The PCC (3 month) which shows linear relationship between SPI-SPEI is quite high and the RMSE (SPI-SPEI) is low for all stations, especially for Khashuri and Telavi. (Table 1).
The PCC (12 month) for SPI-SPEI (12 month) is high. The R2 is low for all stations. The RMSE (SPI (12)-SPEI (12)) is low which means perfect fitting, (Table 2). The strongest relationship was observed among the indices using the equal time periods. By the increasing of time lag, the relationship between variables has been weakening.
The PCC for SPI-SPEI relations inside stations is very high, while between stations is relatively low. This can be explained by the facts that meteorological parameters- temperature and especially precipitation spatial–temporal distribution have diverse nature for different locations at different elevations and stations are placed in various climatic zones. The distance between stations is also the important factor.
The values of PCC are shown on Table 3.
The calculated values of indices give possibility to split negative and positive number or dry and wet day number.It’s interesting to count drought and wet day ratio at each stations. For Akhaltsikhe point wet day number exceeds drought one, severe drought day is approximately 3 and moderate- 50. At Gori station wet day number slightly exceeds drought day number, severe drought day equals 1 and moderate-60. At Telavi point drought day number greatly exceeds wet day number, severe drought day equals 5 and moderate-58. At Tbilisi point drought day number exceeds wet day one, severe drought day is 4 and moderate-62. At Kutaisi station wet day number exceeds drought one, severe drought day is 5 and moderate-55. At Mta-Sabueti both day types are approximately equal, severe drought day is 5 and moderate-54 (Tatishvili et al., 2022b). In Table 4 dry and wet day number for 3 places are presented.
The index values categorize drought intensity in given period. On Tables 5, 6, 7 and 8 SPEI and SPI categories were presented for Telavi, Tbilisi and Gori stations. All SPI, SPEI values are differing from each other and this fact has explanations.
According to the definition of SPEI the results of surface water deficit may be interpreted as dryness that is the indicator of drought conditions For Telavi that represents dry region irrigation is major concern. The region is significant agriculture producer and intensively uses Alazani river water for irrigation. According SPEI index the region is most subjected to moderate dryness than by SPI.

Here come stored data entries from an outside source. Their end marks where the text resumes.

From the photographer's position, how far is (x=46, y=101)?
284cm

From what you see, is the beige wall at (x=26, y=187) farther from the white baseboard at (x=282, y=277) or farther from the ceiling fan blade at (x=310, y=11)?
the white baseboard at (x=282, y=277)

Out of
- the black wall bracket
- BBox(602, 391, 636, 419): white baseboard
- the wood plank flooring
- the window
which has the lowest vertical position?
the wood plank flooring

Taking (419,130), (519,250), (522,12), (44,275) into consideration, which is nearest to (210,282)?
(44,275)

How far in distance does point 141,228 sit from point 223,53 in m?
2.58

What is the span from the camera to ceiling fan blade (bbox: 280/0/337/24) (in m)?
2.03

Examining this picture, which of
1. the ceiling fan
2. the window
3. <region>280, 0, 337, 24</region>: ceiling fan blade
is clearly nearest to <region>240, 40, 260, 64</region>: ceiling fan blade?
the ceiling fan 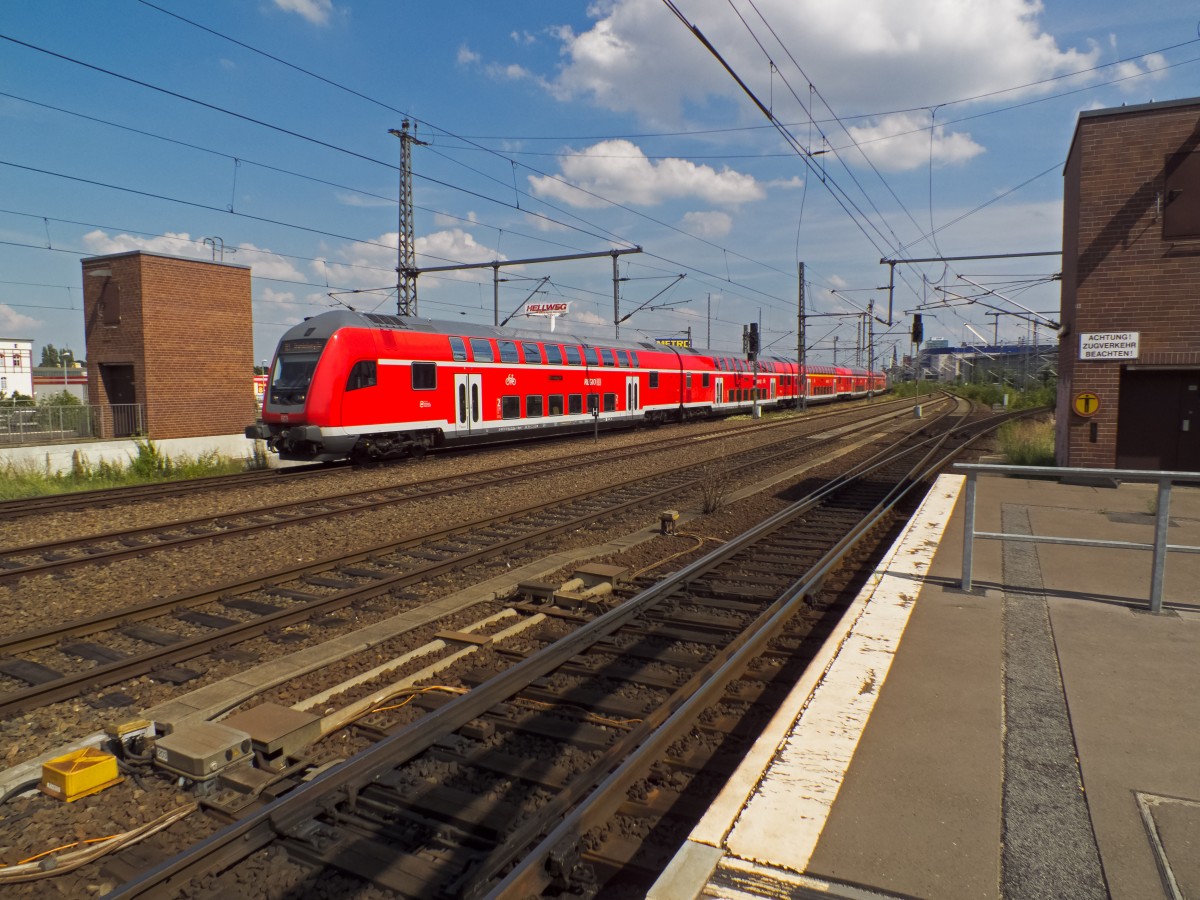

Tbilisi the capital of Georgia has its own climatic regime known as Tbilisi Cavern (Tsitsagi et al., 2022). It is more subjected to moderate drought conditions.
Gori represents Shida Kartli agricultural regionthat known by its fhruit production. It is undoubtedly under moderate drought conditions.
The obtained results indicate that there is difference between the droughts depicted by the precipitation based SPI and the evaporation influenced SPEI caused by inter annual and seasonal variability of temperature and precipitations trends, land cover, vegetation, irrigation and etc.
4 Conclusion
The Machine Learning technique is the important module of the growing field of big data science. Through the use of statistical methods, algorithms are trained to make classifications or predictions, and to uncover key insights in data mining projects. These insights subsequently drive decision making within applications and businesses, ideally impacting key growth metrics. As big data continues to expand and grow, the market demand for data scientists will increase. They will be required to help identify the most relevant business questions and the data to answer them (Publish House, 2022).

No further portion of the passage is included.